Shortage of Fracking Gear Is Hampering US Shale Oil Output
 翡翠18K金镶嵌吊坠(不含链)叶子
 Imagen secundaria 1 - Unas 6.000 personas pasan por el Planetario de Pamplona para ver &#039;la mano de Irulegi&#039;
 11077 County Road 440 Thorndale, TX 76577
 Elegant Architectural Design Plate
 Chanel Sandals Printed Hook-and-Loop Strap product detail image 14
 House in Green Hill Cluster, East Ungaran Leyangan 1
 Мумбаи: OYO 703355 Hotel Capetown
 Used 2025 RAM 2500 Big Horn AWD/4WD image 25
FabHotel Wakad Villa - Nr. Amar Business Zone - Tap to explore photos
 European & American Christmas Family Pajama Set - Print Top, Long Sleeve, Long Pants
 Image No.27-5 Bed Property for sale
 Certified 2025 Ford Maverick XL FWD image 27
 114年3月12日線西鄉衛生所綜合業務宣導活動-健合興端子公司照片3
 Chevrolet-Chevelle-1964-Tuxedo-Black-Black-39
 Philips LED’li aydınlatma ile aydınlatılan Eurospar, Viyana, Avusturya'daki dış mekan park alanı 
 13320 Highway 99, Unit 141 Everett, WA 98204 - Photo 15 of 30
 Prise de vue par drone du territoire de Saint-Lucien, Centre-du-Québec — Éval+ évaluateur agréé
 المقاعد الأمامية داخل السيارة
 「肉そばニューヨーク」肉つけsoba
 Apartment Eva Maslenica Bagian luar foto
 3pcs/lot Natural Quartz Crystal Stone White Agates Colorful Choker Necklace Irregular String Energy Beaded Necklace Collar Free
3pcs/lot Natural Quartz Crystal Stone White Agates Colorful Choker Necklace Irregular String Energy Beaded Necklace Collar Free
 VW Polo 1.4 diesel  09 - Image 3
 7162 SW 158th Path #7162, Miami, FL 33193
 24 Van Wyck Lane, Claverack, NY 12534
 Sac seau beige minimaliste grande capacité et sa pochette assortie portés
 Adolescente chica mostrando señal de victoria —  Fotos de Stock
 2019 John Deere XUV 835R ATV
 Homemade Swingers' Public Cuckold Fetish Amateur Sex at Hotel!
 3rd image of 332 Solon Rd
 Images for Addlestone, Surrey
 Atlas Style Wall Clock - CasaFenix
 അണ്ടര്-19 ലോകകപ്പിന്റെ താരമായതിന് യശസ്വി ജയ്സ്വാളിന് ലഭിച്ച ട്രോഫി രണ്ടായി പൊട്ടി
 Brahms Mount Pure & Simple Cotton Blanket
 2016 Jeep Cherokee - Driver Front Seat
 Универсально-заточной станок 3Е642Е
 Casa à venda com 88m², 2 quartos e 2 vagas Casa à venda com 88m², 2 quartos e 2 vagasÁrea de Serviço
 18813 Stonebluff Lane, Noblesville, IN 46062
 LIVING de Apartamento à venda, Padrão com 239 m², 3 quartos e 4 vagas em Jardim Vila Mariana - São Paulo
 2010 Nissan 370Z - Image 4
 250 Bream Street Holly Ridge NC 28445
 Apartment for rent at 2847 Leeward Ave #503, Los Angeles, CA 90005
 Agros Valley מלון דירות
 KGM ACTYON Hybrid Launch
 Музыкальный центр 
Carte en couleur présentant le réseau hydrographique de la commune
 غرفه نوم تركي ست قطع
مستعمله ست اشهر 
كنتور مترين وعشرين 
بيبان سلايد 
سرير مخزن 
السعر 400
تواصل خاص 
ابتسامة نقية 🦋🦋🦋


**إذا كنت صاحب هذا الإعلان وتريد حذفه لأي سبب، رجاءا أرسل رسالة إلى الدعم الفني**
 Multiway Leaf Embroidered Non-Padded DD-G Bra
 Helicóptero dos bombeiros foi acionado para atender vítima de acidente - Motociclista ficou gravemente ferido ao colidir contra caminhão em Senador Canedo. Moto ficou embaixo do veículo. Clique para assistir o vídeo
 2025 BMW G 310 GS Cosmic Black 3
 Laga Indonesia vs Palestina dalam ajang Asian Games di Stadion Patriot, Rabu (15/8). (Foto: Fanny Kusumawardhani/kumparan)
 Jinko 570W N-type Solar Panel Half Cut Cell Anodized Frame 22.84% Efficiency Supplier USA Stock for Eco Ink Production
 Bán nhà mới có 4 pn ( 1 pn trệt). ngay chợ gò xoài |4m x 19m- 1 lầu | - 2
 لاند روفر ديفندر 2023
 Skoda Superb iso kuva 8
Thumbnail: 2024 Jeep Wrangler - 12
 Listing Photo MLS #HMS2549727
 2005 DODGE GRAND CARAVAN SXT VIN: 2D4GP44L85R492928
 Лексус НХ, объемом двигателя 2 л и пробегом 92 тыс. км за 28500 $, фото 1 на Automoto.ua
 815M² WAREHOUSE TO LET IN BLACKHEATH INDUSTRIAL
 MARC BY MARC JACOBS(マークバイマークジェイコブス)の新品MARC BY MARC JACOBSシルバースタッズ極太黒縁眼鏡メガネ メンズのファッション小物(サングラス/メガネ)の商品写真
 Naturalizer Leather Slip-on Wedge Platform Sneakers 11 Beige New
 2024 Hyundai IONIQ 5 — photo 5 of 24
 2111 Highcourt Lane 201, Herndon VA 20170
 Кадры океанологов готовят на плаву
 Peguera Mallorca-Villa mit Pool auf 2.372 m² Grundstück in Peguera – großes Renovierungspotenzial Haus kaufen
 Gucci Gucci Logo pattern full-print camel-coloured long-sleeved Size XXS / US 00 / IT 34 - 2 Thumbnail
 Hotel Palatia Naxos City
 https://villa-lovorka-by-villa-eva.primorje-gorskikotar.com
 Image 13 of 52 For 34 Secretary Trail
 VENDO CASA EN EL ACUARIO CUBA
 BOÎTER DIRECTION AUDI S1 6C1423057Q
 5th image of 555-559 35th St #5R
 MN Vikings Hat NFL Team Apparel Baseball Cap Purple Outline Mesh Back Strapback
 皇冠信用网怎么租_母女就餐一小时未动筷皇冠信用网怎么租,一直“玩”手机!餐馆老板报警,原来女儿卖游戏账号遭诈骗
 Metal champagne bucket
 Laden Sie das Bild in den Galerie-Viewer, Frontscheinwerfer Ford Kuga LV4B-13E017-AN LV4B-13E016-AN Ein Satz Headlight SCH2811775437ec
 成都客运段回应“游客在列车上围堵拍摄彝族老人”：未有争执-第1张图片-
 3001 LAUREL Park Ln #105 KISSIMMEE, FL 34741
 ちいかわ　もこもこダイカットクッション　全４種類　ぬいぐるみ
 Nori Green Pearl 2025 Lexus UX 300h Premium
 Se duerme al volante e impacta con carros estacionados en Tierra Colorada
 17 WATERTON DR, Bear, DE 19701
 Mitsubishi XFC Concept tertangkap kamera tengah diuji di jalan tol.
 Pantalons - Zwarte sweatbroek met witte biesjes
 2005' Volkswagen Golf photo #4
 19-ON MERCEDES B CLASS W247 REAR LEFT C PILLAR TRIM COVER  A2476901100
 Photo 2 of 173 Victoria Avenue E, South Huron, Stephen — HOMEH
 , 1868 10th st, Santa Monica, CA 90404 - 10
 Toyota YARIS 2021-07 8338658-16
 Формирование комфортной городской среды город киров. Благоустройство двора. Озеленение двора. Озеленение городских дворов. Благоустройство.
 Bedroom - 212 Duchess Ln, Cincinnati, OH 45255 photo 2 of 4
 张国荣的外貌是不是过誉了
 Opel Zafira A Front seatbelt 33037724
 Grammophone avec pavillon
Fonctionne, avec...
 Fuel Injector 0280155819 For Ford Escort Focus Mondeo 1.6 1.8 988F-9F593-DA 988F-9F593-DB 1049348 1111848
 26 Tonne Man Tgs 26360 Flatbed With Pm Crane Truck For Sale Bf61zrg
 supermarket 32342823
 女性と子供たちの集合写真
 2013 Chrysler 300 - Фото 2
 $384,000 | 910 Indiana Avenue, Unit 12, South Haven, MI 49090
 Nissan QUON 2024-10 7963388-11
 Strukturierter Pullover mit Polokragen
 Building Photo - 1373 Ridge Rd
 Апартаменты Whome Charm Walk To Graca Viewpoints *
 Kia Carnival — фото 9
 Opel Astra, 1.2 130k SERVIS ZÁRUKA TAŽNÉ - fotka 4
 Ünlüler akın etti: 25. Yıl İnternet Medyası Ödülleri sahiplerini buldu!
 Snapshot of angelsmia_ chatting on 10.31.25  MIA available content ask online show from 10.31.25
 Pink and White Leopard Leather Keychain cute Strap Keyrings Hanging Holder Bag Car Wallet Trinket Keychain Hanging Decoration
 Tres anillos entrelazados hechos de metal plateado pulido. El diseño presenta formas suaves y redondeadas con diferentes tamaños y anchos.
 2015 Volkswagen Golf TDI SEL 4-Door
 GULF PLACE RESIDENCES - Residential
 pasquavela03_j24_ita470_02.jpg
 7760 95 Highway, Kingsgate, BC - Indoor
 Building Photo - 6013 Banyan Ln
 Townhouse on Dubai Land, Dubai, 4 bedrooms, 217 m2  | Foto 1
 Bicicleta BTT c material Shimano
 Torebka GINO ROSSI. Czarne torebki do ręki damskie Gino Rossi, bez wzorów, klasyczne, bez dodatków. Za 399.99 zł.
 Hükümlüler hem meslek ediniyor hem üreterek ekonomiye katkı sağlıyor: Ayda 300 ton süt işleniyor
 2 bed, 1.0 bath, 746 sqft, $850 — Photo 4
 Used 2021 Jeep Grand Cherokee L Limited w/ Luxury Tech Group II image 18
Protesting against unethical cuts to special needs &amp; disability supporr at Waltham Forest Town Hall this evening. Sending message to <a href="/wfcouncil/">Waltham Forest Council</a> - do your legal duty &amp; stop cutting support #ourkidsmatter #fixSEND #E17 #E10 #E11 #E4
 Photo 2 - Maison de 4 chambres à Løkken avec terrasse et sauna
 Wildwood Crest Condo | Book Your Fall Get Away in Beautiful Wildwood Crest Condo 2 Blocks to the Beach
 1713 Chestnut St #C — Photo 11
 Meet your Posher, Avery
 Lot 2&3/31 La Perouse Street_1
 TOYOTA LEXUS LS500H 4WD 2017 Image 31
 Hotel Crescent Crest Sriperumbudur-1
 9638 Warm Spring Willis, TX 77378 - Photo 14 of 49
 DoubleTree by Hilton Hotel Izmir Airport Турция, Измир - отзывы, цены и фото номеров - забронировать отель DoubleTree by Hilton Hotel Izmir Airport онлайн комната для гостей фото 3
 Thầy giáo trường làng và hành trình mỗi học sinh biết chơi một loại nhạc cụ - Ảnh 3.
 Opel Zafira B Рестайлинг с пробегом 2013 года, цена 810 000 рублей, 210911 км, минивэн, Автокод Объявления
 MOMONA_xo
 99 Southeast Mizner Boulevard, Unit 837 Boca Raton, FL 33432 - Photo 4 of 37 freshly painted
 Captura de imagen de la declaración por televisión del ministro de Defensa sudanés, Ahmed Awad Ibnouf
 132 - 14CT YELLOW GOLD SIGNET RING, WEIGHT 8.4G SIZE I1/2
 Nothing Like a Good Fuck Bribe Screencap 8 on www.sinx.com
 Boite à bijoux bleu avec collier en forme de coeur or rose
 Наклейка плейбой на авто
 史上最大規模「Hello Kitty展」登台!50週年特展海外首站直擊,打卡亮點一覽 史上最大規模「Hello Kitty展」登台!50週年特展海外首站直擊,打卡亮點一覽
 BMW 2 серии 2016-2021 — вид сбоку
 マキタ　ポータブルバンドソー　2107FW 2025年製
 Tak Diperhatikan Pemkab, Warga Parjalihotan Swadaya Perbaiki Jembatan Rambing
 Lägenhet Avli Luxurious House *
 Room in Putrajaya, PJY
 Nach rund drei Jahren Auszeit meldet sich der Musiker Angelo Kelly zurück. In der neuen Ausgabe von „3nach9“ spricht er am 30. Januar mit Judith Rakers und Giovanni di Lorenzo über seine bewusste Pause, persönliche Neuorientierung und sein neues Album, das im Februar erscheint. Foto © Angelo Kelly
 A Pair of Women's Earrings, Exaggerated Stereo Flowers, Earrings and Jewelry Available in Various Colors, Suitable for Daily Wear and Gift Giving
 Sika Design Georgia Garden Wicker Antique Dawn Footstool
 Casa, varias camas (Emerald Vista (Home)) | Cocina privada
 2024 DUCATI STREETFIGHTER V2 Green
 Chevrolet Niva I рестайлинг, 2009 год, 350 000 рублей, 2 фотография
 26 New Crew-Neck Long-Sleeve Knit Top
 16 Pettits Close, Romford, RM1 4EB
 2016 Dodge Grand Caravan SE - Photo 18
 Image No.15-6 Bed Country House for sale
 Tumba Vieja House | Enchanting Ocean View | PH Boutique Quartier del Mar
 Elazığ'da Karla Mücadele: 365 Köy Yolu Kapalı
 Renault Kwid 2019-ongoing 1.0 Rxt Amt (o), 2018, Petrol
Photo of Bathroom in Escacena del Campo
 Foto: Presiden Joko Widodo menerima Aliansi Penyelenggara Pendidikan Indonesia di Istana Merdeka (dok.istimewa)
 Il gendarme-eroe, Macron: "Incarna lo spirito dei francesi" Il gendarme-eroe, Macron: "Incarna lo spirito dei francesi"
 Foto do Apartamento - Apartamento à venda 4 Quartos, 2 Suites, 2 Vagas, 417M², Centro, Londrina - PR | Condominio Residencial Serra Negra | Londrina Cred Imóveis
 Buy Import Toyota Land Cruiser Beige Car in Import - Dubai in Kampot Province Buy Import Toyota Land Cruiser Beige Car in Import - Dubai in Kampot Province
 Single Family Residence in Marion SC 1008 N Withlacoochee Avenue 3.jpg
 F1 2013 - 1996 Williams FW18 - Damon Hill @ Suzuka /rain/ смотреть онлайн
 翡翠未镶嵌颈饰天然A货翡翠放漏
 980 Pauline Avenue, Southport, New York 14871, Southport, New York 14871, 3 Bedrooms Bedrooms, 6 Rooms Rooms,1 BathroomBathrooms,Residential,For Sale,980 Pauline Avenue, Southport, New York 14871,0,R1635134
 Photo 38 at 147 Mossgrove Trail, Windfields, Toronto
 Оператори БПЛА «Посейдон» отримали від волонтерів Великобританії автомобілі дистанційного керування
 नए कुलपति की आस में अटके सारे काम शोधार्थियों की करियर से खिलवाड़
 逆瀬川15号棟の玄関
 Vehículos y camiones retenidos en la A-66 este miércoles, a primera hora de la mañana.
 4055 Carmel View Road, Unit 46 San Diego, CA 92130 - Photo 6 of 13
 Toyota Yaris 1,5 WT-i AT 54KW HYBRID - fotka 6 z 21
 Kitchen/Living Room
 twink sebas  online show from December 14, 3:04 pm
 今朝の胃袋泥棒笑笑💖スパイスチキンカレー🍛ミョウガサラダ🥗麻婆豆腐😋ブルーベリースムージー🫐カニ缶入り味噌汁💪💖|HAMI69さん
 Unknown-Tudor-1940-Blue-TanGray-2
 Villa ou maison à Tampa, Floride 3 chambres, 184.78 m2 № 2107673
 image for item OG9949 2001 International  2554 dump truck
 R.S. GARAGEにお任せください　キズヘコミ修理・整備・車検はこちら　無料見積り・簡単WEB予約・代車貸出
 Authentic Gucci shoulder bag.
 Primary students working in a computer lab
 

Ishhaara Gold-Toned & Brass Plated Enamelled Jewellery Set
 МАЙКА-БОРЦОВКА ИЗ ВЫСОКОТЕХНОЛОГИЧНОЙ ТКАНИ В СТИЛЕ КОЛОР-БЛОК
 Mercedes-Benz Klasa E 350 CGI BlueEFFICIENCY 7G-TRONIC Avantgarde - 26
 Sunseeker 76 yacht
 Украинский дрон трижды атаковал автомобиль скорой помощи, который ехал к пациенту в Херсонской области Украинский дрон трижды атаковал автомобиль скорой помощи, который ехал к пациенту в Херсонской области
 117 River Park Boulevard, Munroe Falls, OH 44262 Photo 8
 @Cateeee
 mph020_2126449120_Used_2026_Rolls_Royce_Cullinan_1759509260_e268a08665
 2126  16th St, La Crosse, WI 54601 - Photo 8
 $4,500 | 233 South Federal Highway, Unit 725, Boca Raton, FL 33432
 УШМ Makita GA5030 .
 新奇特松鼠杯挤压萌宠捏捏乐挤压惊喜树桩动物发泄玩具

== What you should do ==
Pull every line containing the word "Quartz" out of the material and copy it.

== Solution for this exercise ==
 3pcs/lot Natural Quartz Crystal Stone White Agates Colorful Choker Necklace Irregular String Energy Beaded Necklace Collar Free
3pcs/lot Natural Quartz Crystal Stone White Agates Colorful Choker Necklace Irregular String Energy Beaded Necklace Collar Free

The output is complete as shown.